MURAKAMI: You were pretty worked up, weren’t you?
OZAWA: I checked out and was getting ready to leave the hotel when the orchestra’s president, Rainer Zepperitz, a double-bass player and a man deeply trusted by Maestro Karajan, came with several other members of the orchestra to apologize. “Our behavior was inexcusable. Ever since you left, the percussionists have been working hard to master the part they were unable to play before. Won’t you please come to rehearsal once tomorrow, if only to see what kind of progress they are making?” Well, when they put it that way, I really had no choice but to go, don’t you think?
MURAKAMI: Yes, I guess so.
OZAWA: So I called Wilford again and said I’d give it one more day, and I had the hotel cancel the ticket. That was the one little drama I had. It was a pretty famous incident.
MURAKAMI: So did you perform Estancia, in the end?
OZAWA: We did. I went back and conducted it.
MURAKAMI: I bet Kleiber would never have gone back.
OZAWA: No, I’m sure you’re right! [Laughter.] In my case, though, the lack of direct flights to New York was a big factor.
MURAKAMI: They won you over while you were waiting for the transfer to be worked out. [Laughter again.]
OZAWA: By the way, Rainer Zepperitz was the lead double bassist in the Saito Kinen Orchestra for twenty-some years, from the time of its inception. I’m afraid he passed away just recently.
Murakami note: Estancia, op. 8, was originally ballet music composed by the Argentine Alberto Ginastera in 1941. It was Ginastera’s second piece for ballet, following his Panambi, op. 1 (1934–37), and can be viewed as one of his most representative works. Depicting the lives of the gauchos and
others who live on the South American pampas, the work is rich in color.
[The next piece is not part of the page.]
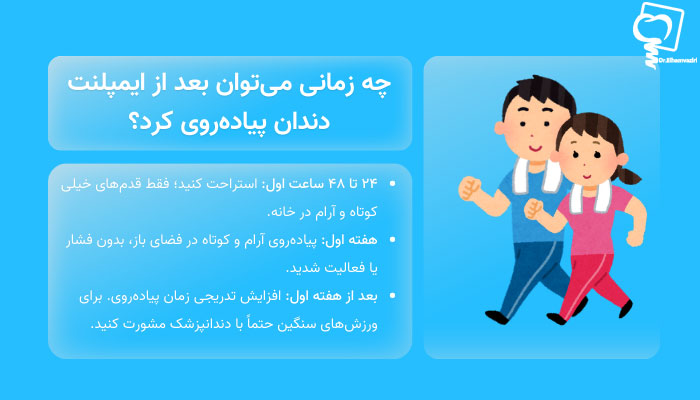 چه زمانی میتوان بعد از ایمپلنت دندان پیادهروی کرد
It was later refigured as a shorter suite (op. 8a), which is the form now most generally performed.
MURAKAMI: To get back to Kleiber’s Japan performance of La Bohème.
OZAWA: Right, right.
MURAKAMI: It seems to me that Carlos Kleiber is a conductor who at times can bring out a whole new pattern from even the most familiar compositions—the Brahms Second, for example, or the Beethoven Seventh—and give the listener a fresh sense of discovery, as if hearing for the first time something that was always hidden deep inside the music. There are lots of very fine conductors, truly gifted musicians, but there aren’t many who can do what he does.
OZAWA: Yes, I see what you mean.
MURAKAMI: I imagine that it takes a very deep reading of the score to accomplish something like that.
OZAWA: Yes, he was an incredible reader. The unfortunate thing for him was that his father was such a great conductor.
MURAKAMI: Erich Kleiber.
OZAWA: I think that’s what made him so nervous. It was pretty extreme. But he seemed to like me and always treated me with affection. I wonder why. He was also fond of Vera and was fairly chummy with her. He came to several of my concerts and bought me dinner on more than one occasion. When I was appointed music director of the Vienna State Opera, Carlos was the first to send me a congratulatory telegram—a very long one!
MURAKAMI: He sounds like a difficult character.
OZAWA: Oh, tremendously difficult. He was famous for his cancellations—he’d cancel at the drop of a hat. Later, he also gave me a call to congratulate me on my appointment, so I took the opportunity to ask him if he’d come to conduct in Vienna once in a while now that I was there. I mean, it was so hard to get him to come anywhere. So he said to me, “Hey, I didn’t send you that telegram because I was looking for an invitation!” [Laughter.]
MURAKAMI: Meaning, the two had nothing to do with one another.